→ **MATERIAL TO PROCESS**
====================

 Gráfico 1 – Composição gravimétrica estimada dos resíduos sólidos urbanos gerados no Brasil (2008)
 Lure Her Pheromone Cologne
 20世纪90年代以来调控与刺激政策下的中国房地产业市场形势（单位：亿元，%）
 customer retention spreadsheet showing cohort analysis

====================

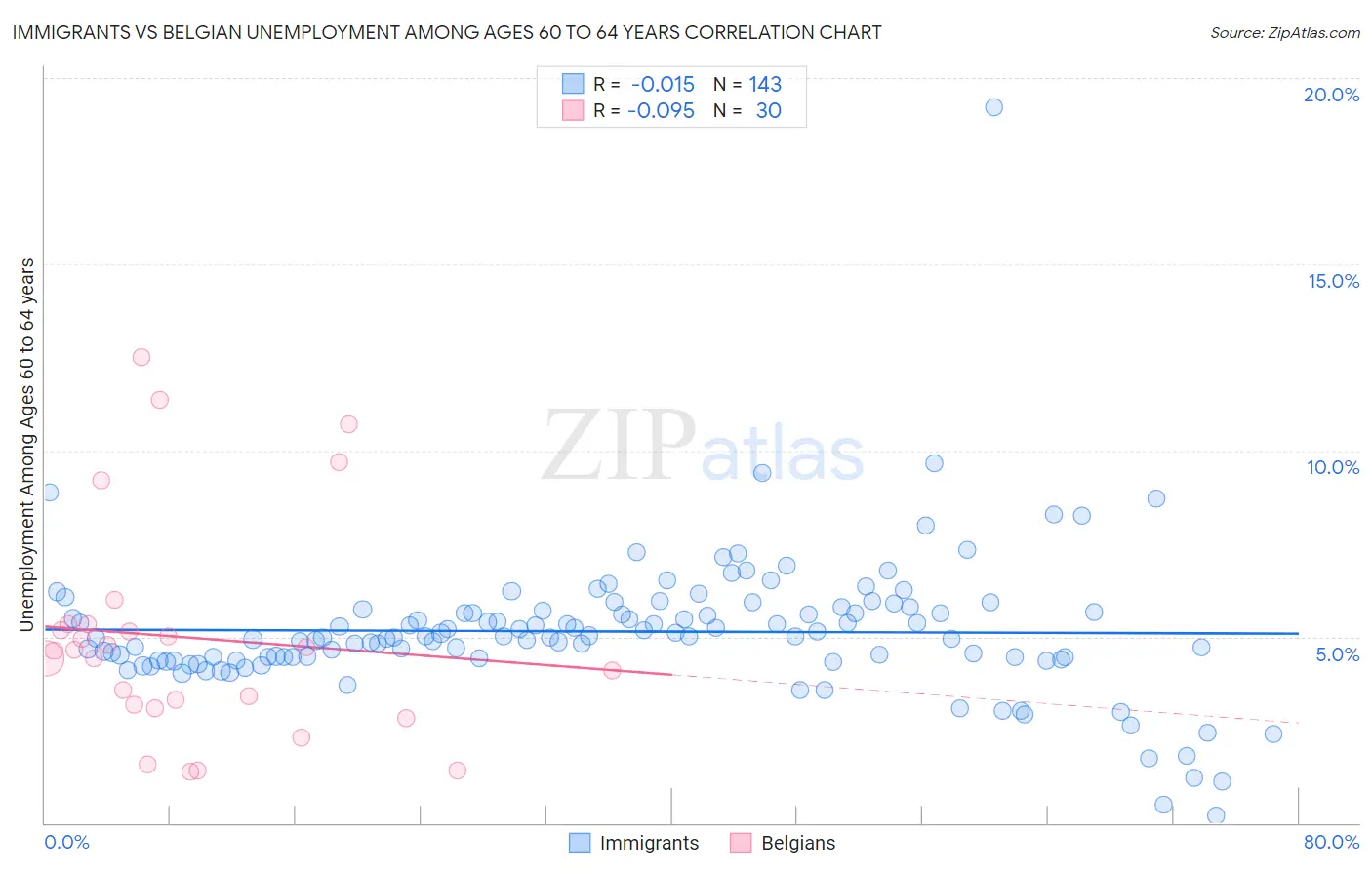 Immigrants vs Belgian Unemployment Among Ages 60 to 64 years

====================

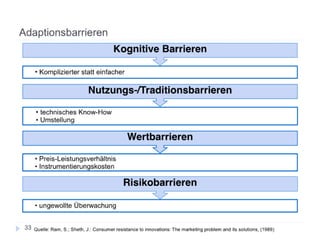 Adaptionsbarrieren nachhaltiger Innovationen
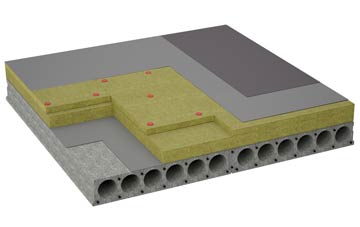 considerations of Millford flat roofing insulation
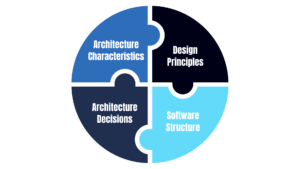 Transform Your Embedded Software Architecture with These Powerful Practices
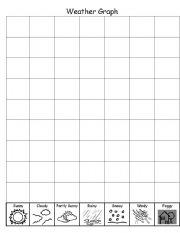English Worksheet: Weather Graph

====================

→ **TASK**
All that belongs in your answer is the stretch of entries above from the line with "Gráfico 1 –" through the line with "customer retention spreadsheet", printed exactly.

→ **ANSWER FOR THIS EXERCISE**
 Gráfico 1 – Composição gravimétrica estimada dos resíduos sólidos urbanos gerados no Brasil (2008)
 Lure Her Pheromone Cologne
 20世纪90年代以来调控与刺激政策下的中国房地产业市场形势（单位：亿元，%）
 customer retention spreadsheet showing cohort analysis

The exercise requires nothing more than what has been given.